1. Traffic between utility and switch is sent by broadcast
It is a common way for Utility to communicate with devices with broadcast in our industry, other productors like Netgear does it this way too.

Broadcast will have some shortcomings as you said and we will think about it too, but the premise is LAN is not safe.

In most scenes LAN is a relative safe environment. We will have NAT router and firewall in front of our LAN network, most attacks will be blocked. Firewall and secure software can protect our LAN’s safety. But when LAN is not safe, even we don’t use broadcast, other method like faked ARP can get traffics between utility and switch.

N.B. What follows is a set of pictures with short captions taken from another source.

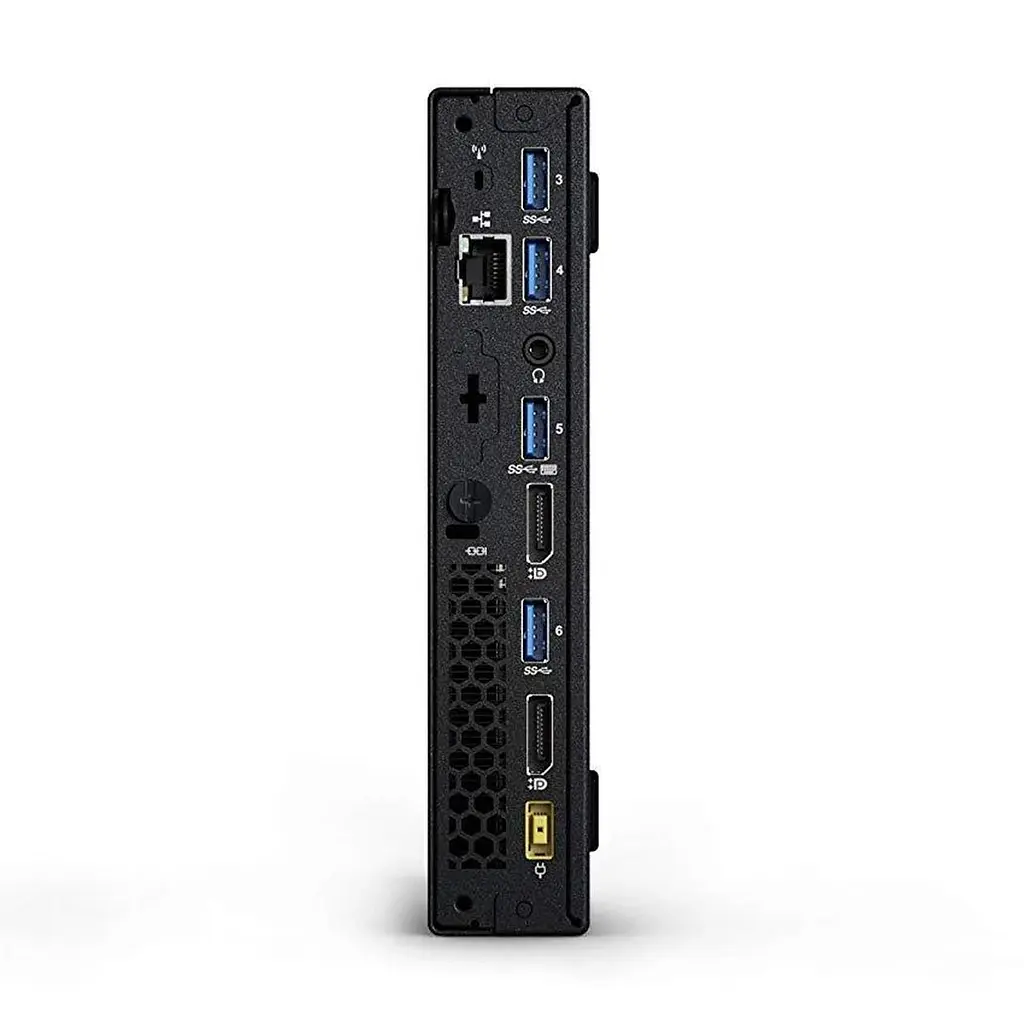 Комп'ютер Lenovo ThinkCentre M900 MFF (i7-6700T/8/240SSD) Б/В - фото 2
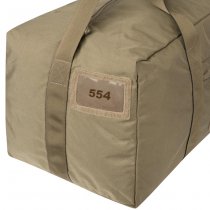 Direct Action Deployment Bag Small - Adaptive Green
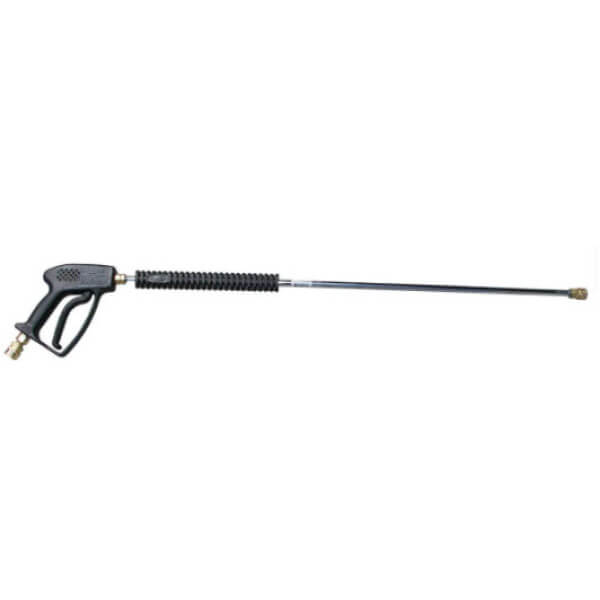 Pressure-Pro AGU03621290C-I-1/2 Washer Gun & Lance Combo – 10 GPM, 4000 PSI
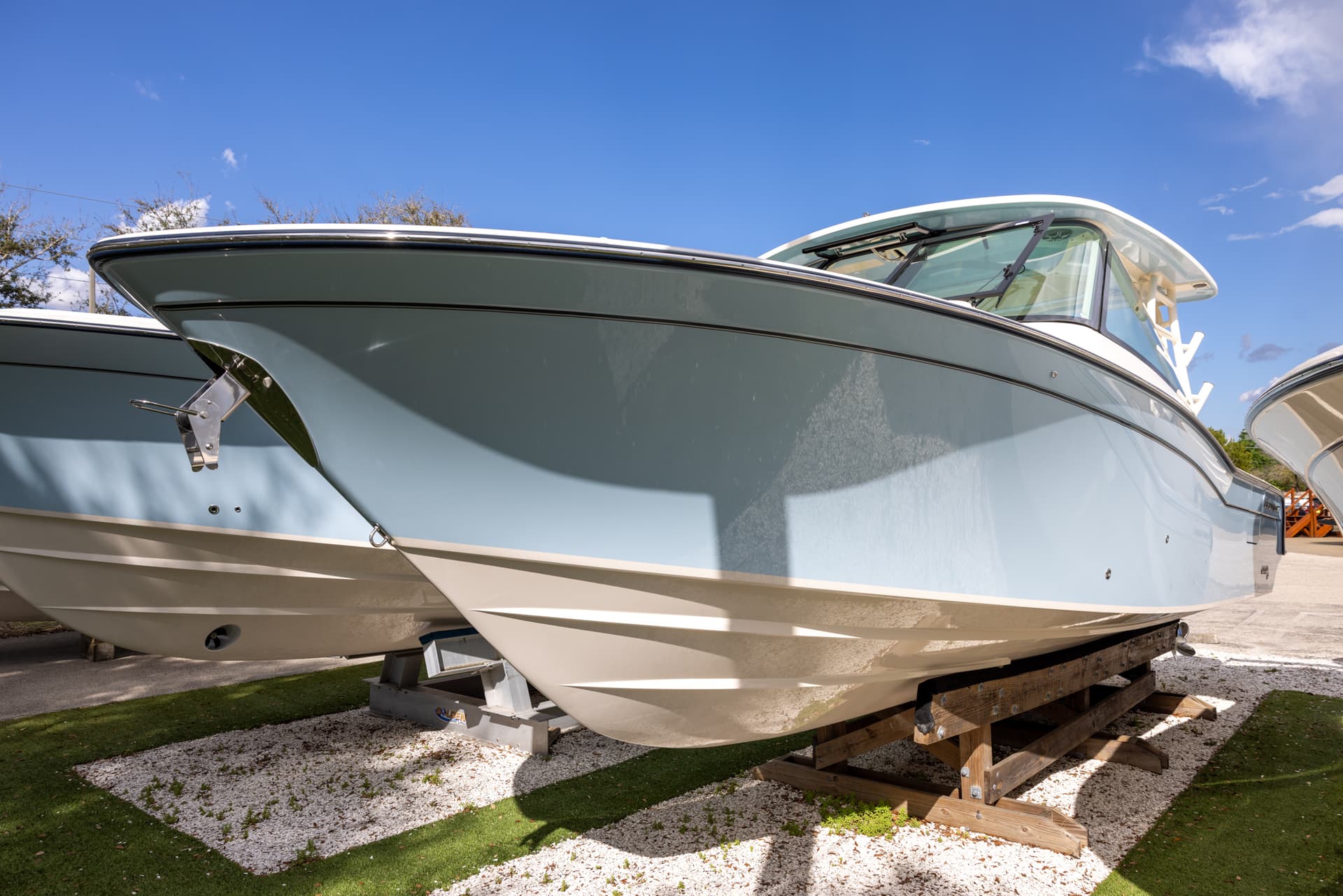 2026 Grady-White Freedom 325 — image 1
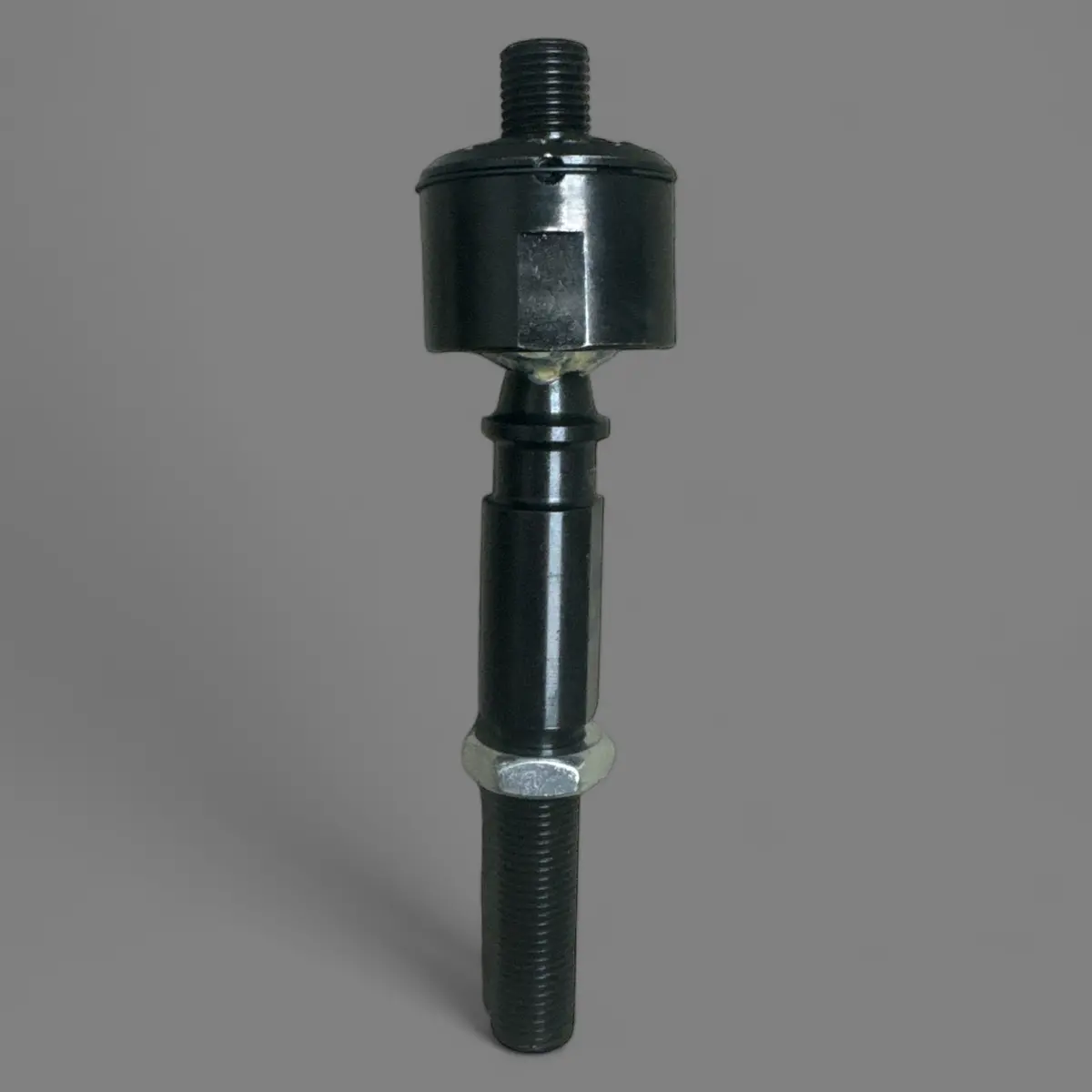 Replacement Ends. 1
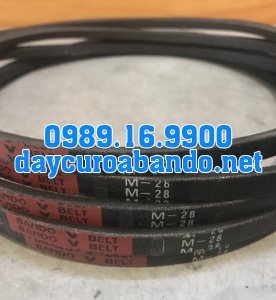 BANDO M28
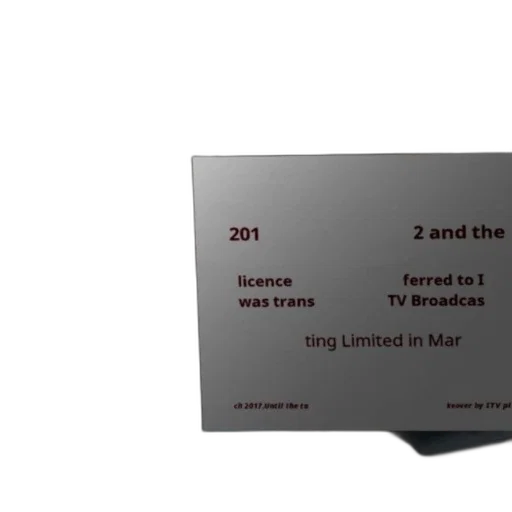 3d render, image, shows, text transparent PNG cut-out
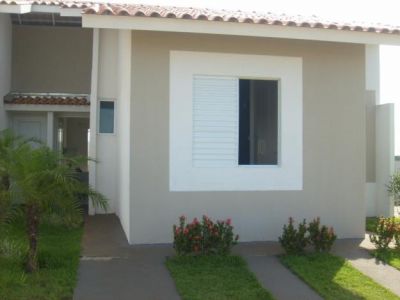 Residencial Rio Cachoeirinha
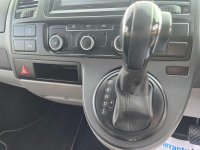 VOLKSWAGEN TRANSPORTER SPORTLINE
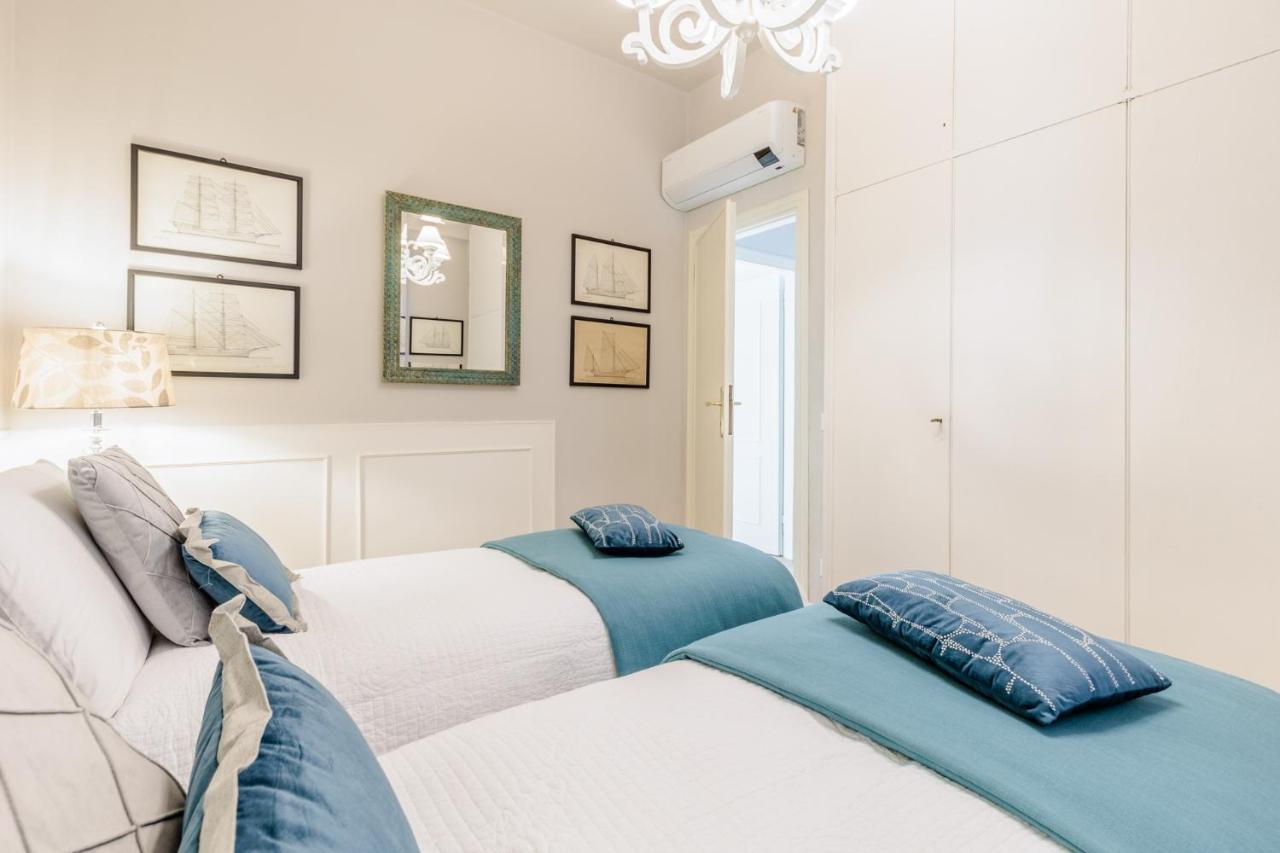 "Libeccio Apartment" Con Garage Privato Lido di Camaiore Exteriér fotografie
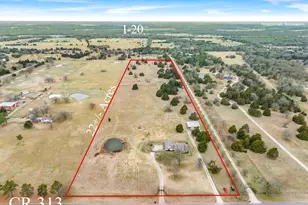 9111 Co Rd 313, Terrell, TX 75161 - Photo 8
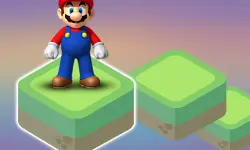 Super Mario Stacks image
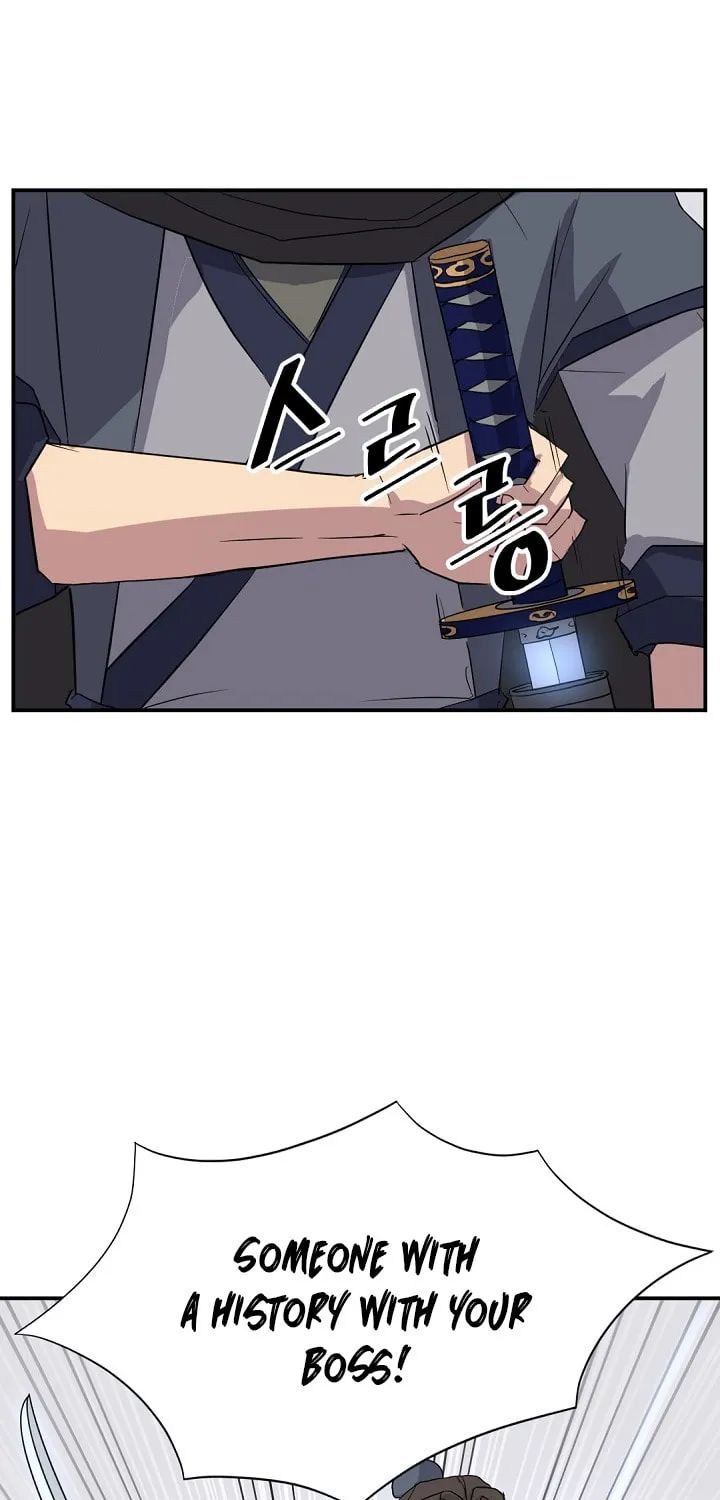 Read Bulsamujeok chapter 50 image 31 on Lezhin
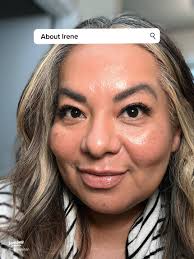 Meet Irene: Embracing Life After 40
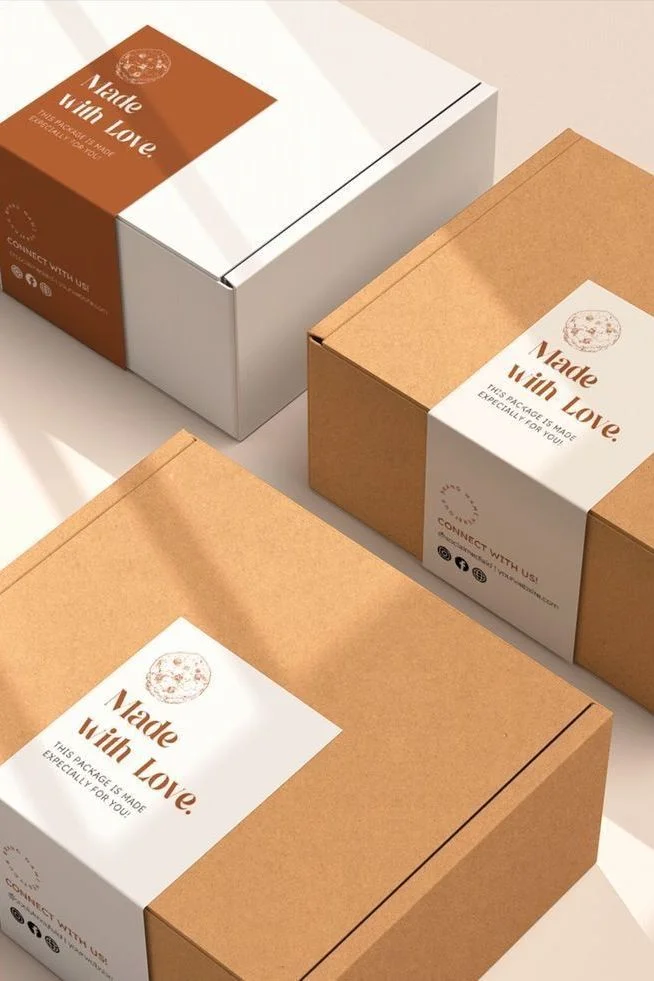 Home top packaging design trends 2024 innovative & eco friendly ideas 44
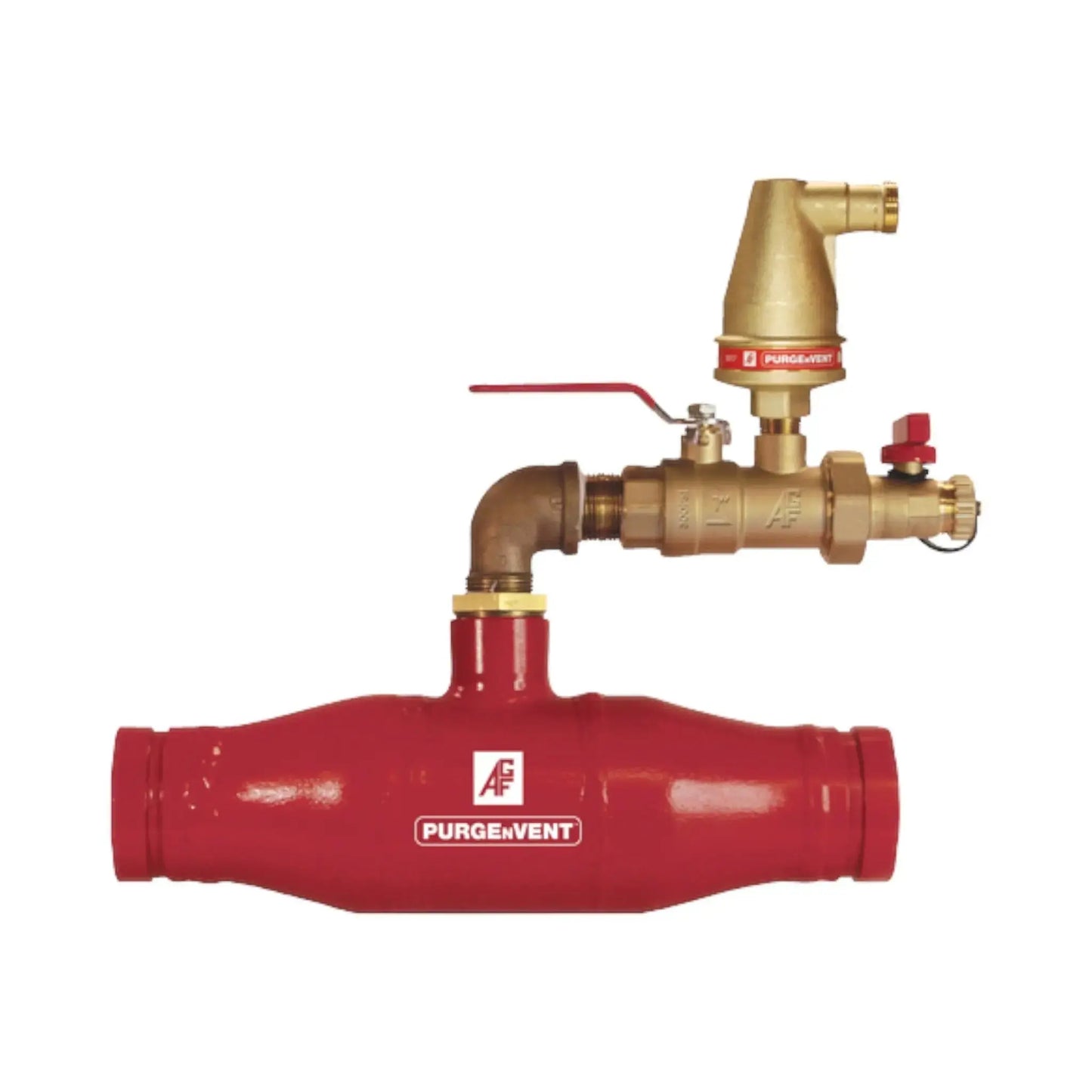 M 7900A End of Line Air Vent for Fire Sprinkler Systems Accessories AGF Manufacturing Fire Protection Parts M 7900A End of Line Air Vent | Fire Sprinkler Systems - AGF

2. Decode of Utility exe and static encryption.
Our Easy Smart Switch is a product for home and small office, so chip is not powerful enough to ensure a very high security.

As you know, Utility is written in Java and it means decompilation is avoidless, anyone can do it if they know how. It is the cost of Java’s universality and we can’t change it. Our R&D will think about add more covers to our codes to make our switch more safe in next Utility.

Their position makes sense for the intended purpose of the device. Although I would like its management traffic to go over unicast rather than broadcast. This won’t stop me using the switch for the purpose I bought it for.